● What the task asks:
Work out how many lines of the listing below hold the word "Baby", and give that number only.

● Dataset entries:

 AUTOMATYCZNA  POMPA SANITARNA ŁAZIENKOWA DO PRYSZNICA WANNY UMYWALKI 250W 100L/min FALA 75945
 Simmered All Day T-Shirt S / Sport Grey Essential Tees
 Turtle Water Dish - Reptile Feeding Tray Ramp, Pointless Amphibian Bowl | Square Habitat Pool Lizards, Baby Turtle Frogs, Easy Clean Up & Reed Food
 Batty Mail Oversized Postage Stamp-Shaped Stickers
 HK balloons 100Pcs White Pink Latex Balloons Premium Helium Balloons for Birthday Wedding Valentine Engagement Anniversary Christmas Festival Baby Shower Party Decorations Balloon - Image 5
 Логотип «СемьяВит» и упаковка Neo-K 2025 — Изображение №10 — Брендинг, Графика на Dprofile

---

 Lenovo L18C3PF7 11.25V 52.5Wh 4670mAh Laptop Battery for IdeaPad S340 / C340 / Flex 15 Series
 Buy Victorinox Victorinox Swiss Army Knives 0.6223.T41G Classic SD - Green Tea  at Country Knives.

● The answer:
2